--- EXERCISE INSTRUCTIONS ---
Copy out exactly the lines below that run from the one holding "506 2733 Chandlery Place" to the one holding "Artificial Nail Art", keeping both of those lines and no others.

[Extracted records]
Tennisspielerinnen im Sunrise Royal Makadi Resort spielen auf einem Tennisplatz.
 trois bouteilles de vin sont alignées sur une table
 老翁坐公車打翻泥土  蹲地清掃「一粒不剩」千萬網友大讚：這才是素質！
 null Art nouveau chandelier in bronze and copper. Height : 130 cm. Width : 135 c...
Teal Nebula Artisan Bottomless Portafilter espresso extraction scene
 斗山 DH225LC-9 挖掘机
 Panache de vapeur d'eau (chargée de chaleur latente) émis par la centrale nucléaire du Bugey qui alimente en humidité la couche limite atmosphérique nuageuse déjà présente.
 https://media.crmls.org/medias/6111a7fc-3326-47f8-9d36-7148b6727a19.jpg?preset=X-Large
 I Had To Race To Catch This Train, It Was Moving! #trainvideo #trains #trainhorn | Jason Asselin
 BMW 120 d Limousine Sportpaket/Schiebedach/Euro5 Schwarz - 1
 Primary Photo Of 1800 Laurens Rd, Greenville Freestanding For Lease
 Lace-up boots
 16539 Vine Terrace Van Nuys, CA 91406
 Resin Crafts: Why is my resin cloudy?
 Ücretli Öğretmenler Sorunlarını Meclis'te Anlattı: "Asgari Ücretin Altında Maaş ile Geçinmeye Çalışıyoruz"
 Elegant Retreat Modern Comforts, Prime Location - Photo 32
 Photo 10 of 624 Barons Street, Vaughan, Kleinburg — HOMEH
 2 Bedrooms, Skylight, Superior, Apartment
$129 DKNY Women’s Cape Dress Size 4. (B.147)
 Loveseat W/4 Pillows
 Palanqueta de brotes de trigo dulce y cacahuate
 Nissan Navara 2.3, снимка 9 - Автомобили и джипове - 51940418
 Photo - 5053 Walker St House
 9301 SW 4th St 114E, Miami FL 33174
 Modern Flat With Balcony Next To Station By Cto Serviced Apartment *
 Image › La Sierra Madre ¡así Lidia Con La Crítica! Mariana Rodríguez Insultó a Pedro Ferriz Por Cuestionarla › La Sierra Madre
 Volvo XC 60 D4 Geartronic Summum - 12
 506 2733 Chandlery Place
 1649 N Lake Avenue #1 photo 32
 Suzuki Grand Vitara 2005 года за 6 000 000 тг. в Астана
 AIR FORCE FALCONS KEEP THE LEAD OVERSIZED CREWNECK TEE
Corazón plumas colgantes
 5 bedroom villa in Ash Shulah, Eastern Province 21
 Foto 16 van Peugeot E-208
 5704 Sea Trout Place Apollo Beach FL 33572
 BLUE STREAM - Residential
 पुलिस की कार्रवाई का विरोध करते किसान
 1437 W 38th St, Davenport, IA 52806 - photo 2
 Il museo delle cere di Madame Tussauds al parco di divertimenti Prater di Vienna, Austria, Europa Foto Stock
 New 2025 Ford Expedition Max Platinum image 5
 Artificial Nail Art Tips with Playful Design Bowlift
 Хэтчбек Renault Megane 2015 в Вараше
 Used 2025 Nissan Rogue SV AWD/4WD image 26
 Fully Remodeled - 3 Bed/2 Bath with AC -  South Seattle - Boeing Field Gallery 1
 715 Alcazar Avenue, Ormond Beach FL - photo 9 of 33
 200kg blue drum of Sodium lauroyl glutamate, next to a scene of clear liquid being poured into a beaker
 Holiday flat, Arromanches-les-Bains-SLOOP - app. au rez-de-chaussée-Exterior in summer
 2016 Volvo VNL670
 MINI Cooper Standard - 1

--- ANSWER SECTION ---
 506 2733 Chandlery Place
 1649 N Lake Avenue #1 photo 32
 Suzuki Grand Vitara 2005 года за 6 000 000 тг. в Астана
 AIR FORCE FALCONS KEEP THE LEAD OVERSIZED CREWNECK TEE
Corazón plumas colgantes
 5 bedroom villa in Ash Shulah, Eastern Province 21
 Foto 16 van Peugeot E-208
 5704 Sea Trout Place Apollo Beach FL 33572
 BLUE STREAM - Residential
 पुलिस की कार्रवाई का विरोध करते किसान
 1437 W 38th St, Davenport, IA 52806 - photo 2
 Il museo delle cere di Madame Tussauds al parco di divertimenti Prater di Vienna, Austria, Europa Foto Stock
 New 2025 Ford Expedition Max Platinum image 5
 Artificial Nail Art Tips with Playful Design Bowlift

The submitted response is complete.